The Doctor yells, and Hermack cuts power to the gantry. Sparks race the hose like a fuse. The freighter becomes a bloom of fire over the canyon, and a rain of hot argonite hisses into the sand. In the stunned quiet, Dom and Madeleine embrace; Clancey mutters that a man could die of sentiment and then grins when Dom clasps his arm: partnership restored. Hermack, chastened, apologises to Clancey and thanks the travellers, gruff but genuine. The Corps begins clearing the hangar and towing beacon segments home to rebuild the chain.

The Doctor warns that beacons are only as safe as the people who watch them; Hermack promises a tighter net. Clancey invites everyone to share stew on the LIZ 79; Zoe diplomatically declines. As Ta’s dunes cool, the TARDIS stands in the shade of a silent ore tower. The travellers step inside, and with a sigh of old engines, slip out of a sky suddenly free of pirates.

Themes

As a frontier space-western, The Space Pirates lands in the lower–mid tier of Season 6. It is well short of the scale and snap of The Invasion and the icy drive of The Seeds of Death, but more distinctive than its reputation suggests. Its model work, lonely outpost mood, and eccentric tone give it a shaggy charm, even if the pacing can meander.
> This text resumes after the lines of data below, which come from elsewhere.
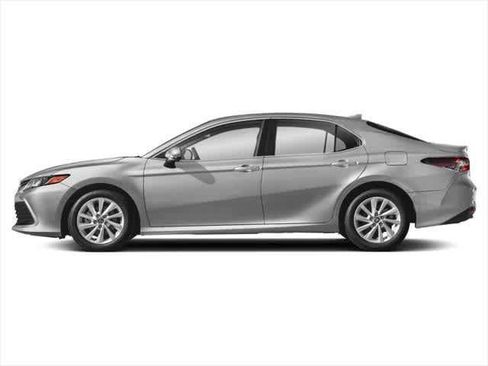 Used 2024 Toyota Camry LE image 3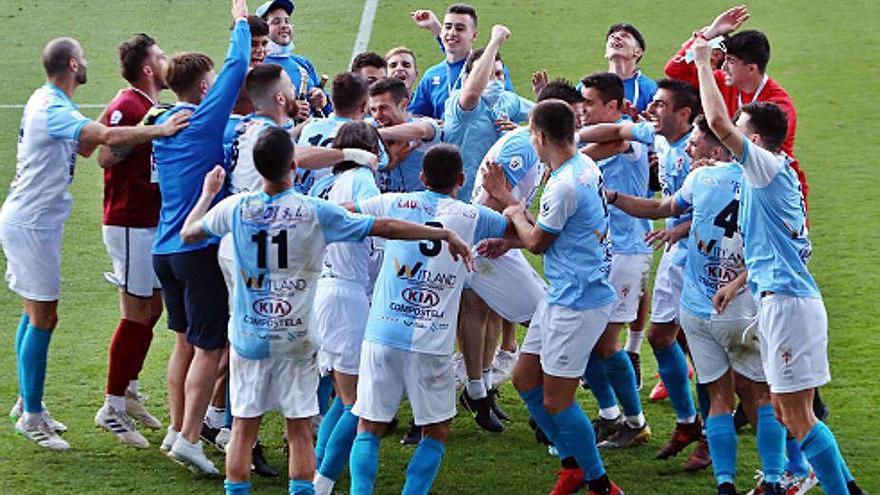 Los jugadores del Compostela celebran el ascenso.
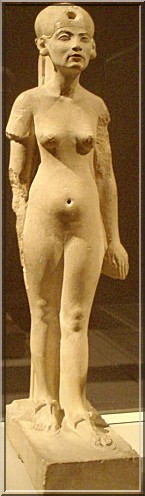 Nefertiti representation idealisee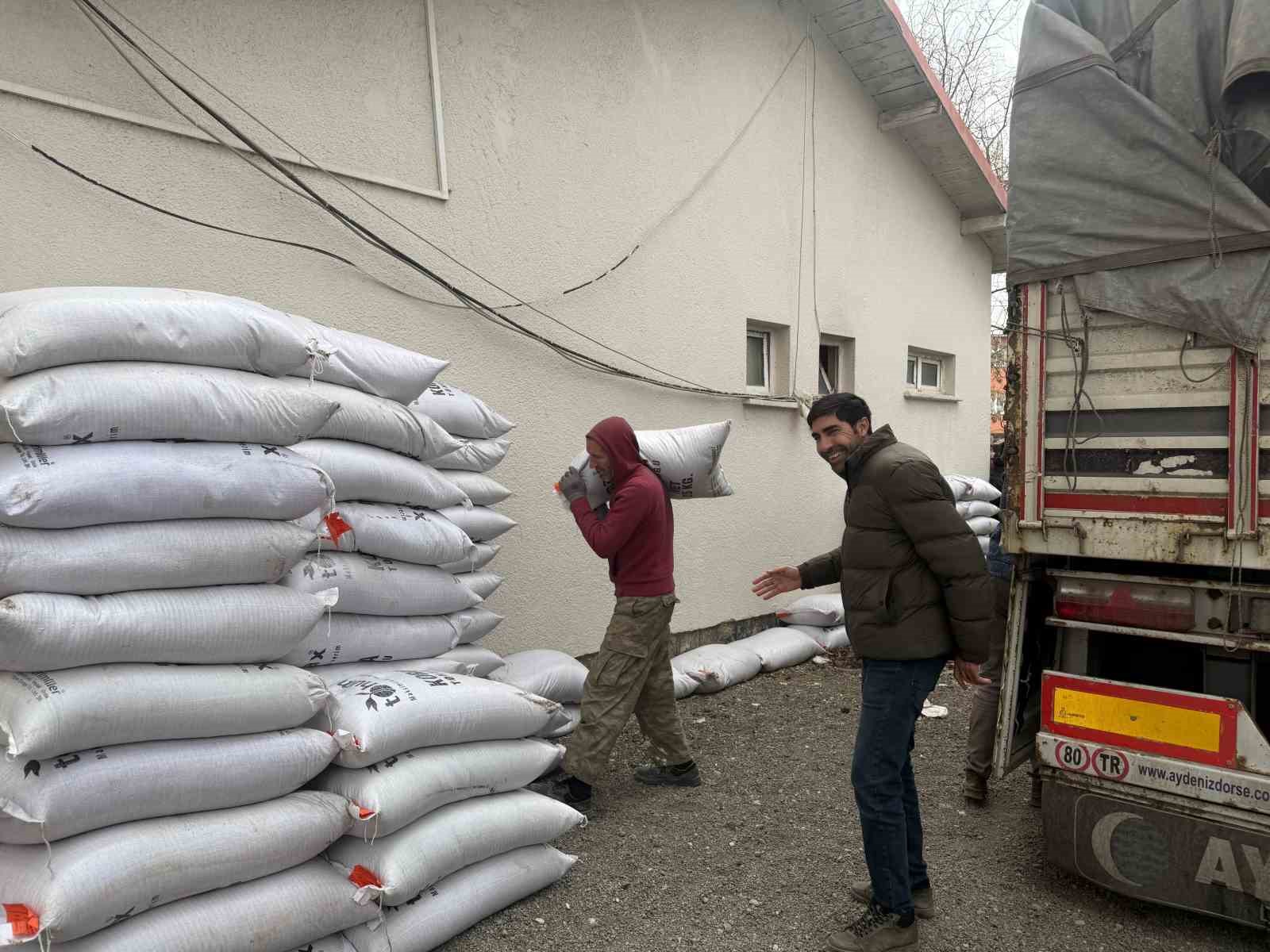 Diyadin&rsquo;de &ccedil;ift&ccedil;iye korunga tohumu desteği
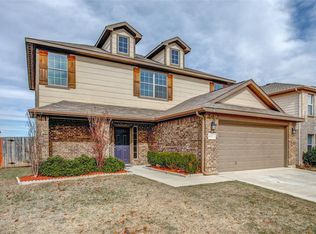 4113 Mantis St, Fort Worth, TX 76106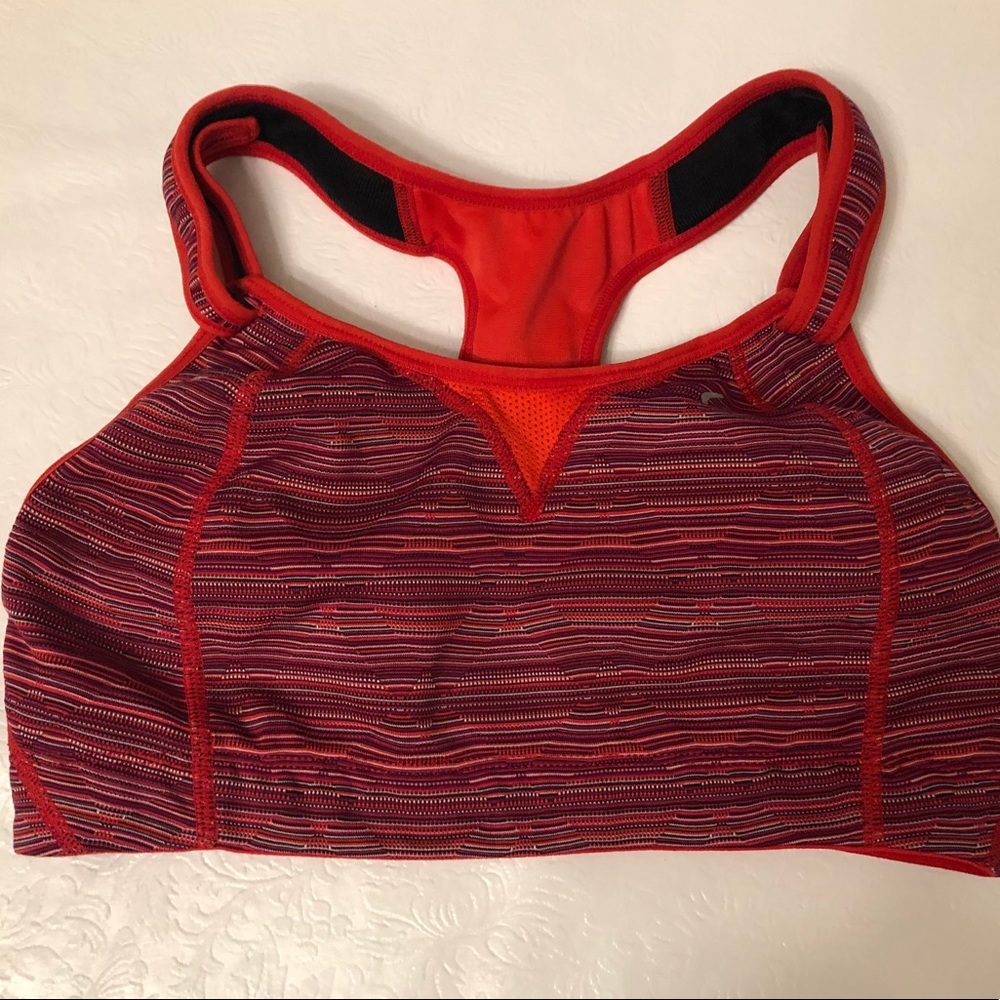 34D moving comfort bra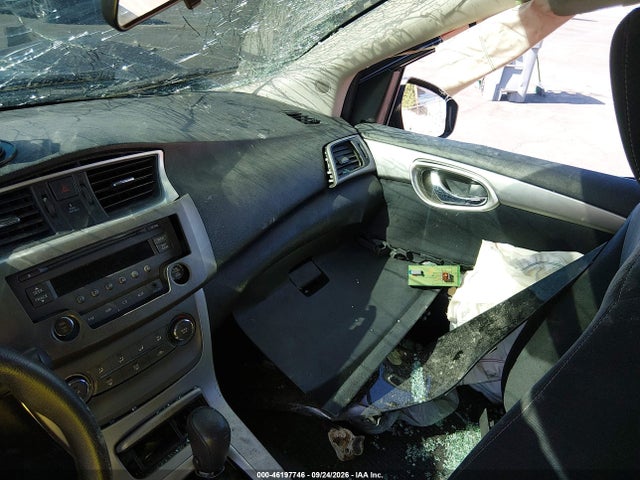 2014 Nissan Sentra Fe+ S/fe+ Sv/s/sl/sr/sv მანქანა იყიდება აუქციონზე, vin: 3N1AB7AP5EL667520, აუქციონის ნომერი: 46197746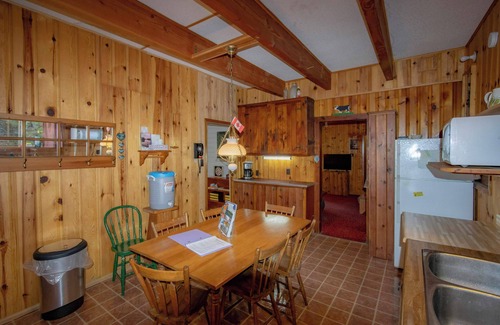 Minden Hills Cottage | Beautiful 2 bdrm cottage with fireplace and a view in Minden Hills-Pet Friendly!
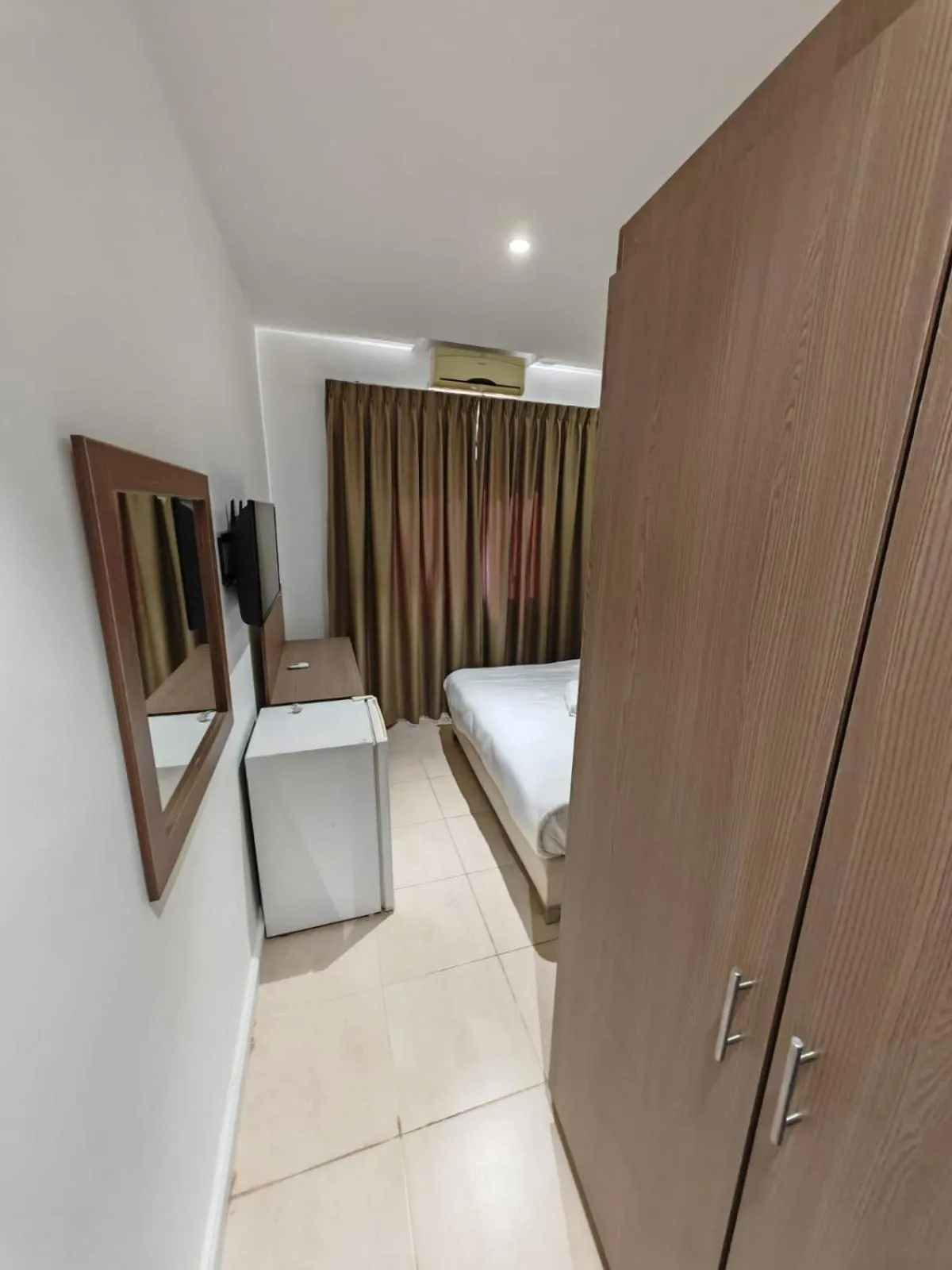 Bedroom, Bed in New Metropole Hotel - Jerusalem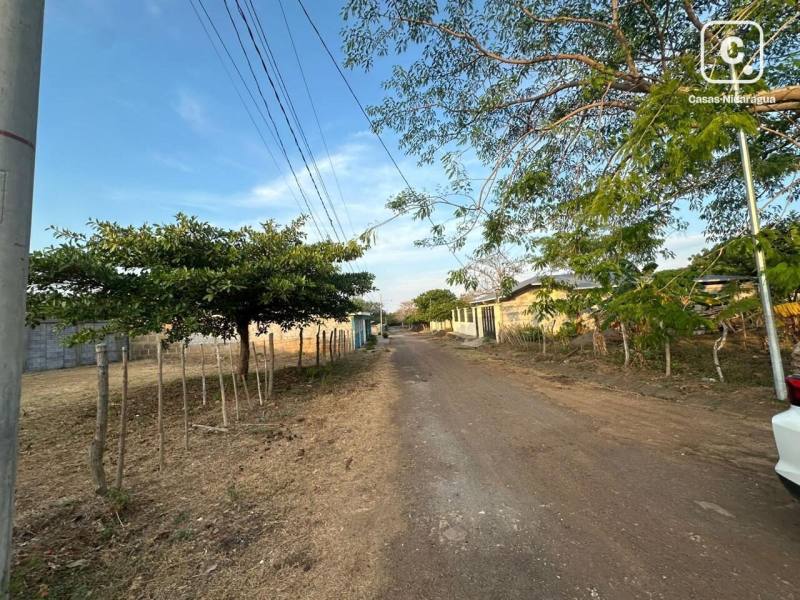 Lot for sale in Granada – 352 m²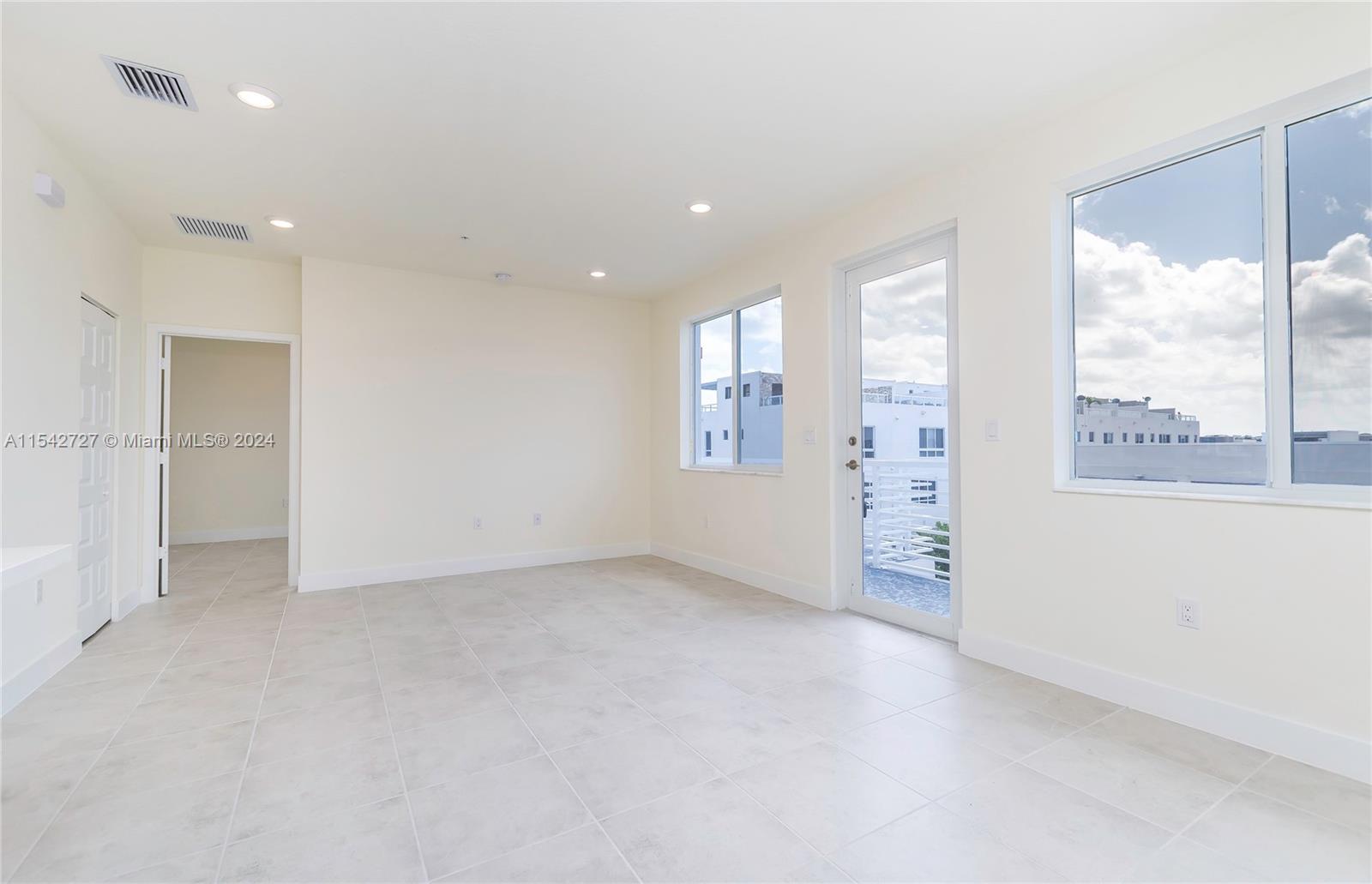 LANDMARK AT DORAL CONDO 6 - Residential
Measured against its neighbours, it’s a curio: tidier than The Dominators, far less audacious than The Mind Robber, and a long way from the epochal heights of The War Games, yet still an atmospheric detour with a personality of its own.

In the series tapestry, it follows The Seeds of Death and points directly toward The War Games, closing the trio’s wandering run with a last deep-space yarn. As an early Robert Holmes outing, you can see seeds that later bloom in the roguish schemes and corporate cynicism of Carnival of Monsters, The Ribos Operation, The Talons of Weng-Chiang, and The Caves of Androzani.

Its Earth-Empire bureaucracy and commerce-choked space lanes look ahead to Colony in Space, The Mutants, and Frontier in Space, while its outlaw-on-the-trade-routes vibe finds distant echoes in The Pirate Planet and Nightmare of Eden. Modest in ambition but rich in texture, it serves as a stepping-stone between sleek sieges and the grand reckoning to come.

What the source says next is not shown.